Furthermore, since each resurrection (if there are any) are local events which have left no enduring evidence, there is no way to test the evidence and come up with a different version of the event. The only sufficient evidence for a resurrection would be to see the person who died walking around afterward alive. This, of course, is what the apostles claimed in the gospels. But even then, this would only show that a resurrection happened. It would still leave science without a means to explain how it happened.


Creation is a different matter. One is not dealing with a local event; one is dealing with the whole universe. The whole universe provides solid evidence that it is much more than a few thousand years old. Of course, one can still appeal to miracles that disguise the allegedly young age of the earth.

The problem here is not that science rules out miracle---because it doesn't.

The problem is that there is no scriptural witness to these miracles; they are invented out of whole cloth with neither a scriptural testimony that they ever happened nor a reason for God to prevent creation from revealing its actual age.
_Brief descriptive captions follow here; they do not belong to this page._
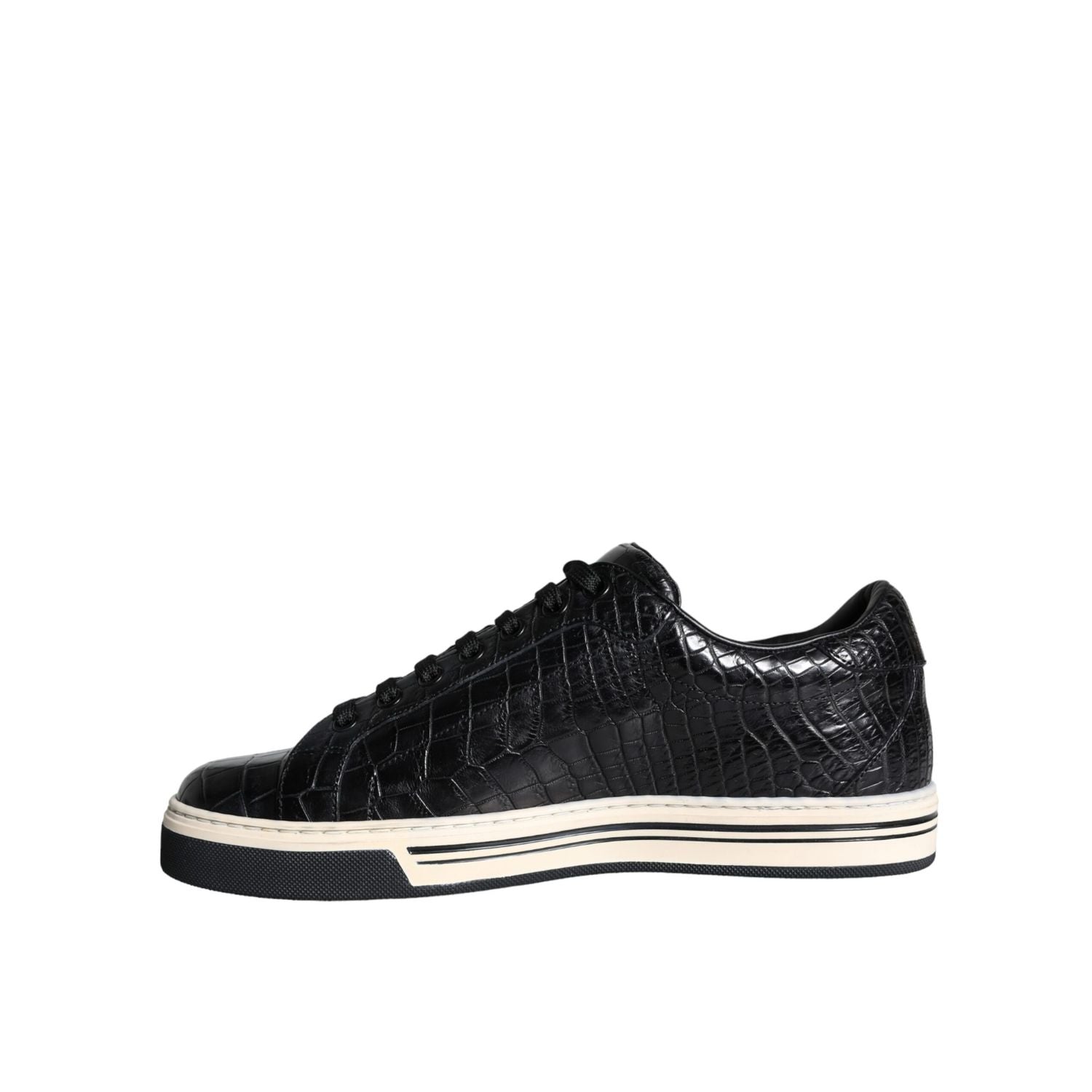 Dolce & Gabbana Black Leather Men Low Top Sneakers Shoes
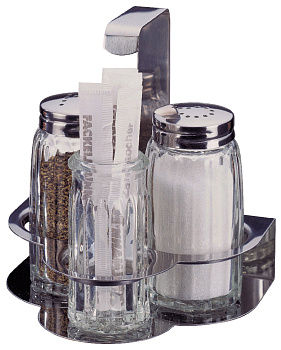 Набор диспенсеров для соли/перца в подставке с зубочистками стекло, нержавеющая сталь Fackelmann 47323 000000000001194441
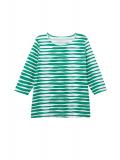 3/4-Arm-Streifenshirt grün-ecru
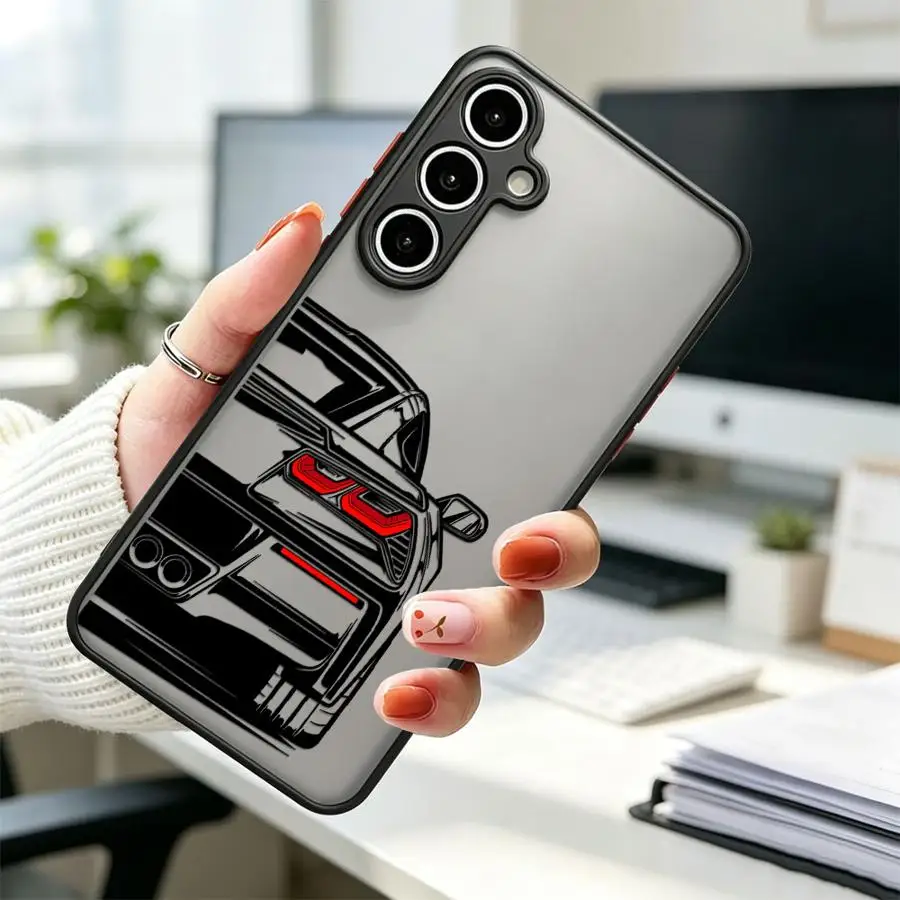 Phone Cover Case for Samsung Galaxy A56 A55 A52S A72 A54 A23 A34 A36 A16 A15 A17 A52 A53 A35 A73 A33 Black White Car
In theological terms, there is no proper exegetical foundation for conjuring up the necessary miracles.

In fact, the lengthy list of miracles needed is invoked only to support a fallible human choice to read scripture literally. IMO that is not a good enough reason to set scripture and creation at odds with each other over the age of the earth. When one does that one implicitly does call God a liar, because if scripture and creation --which both come ultimately from God--do not agree, it can only be because God has not revealed the truth in both.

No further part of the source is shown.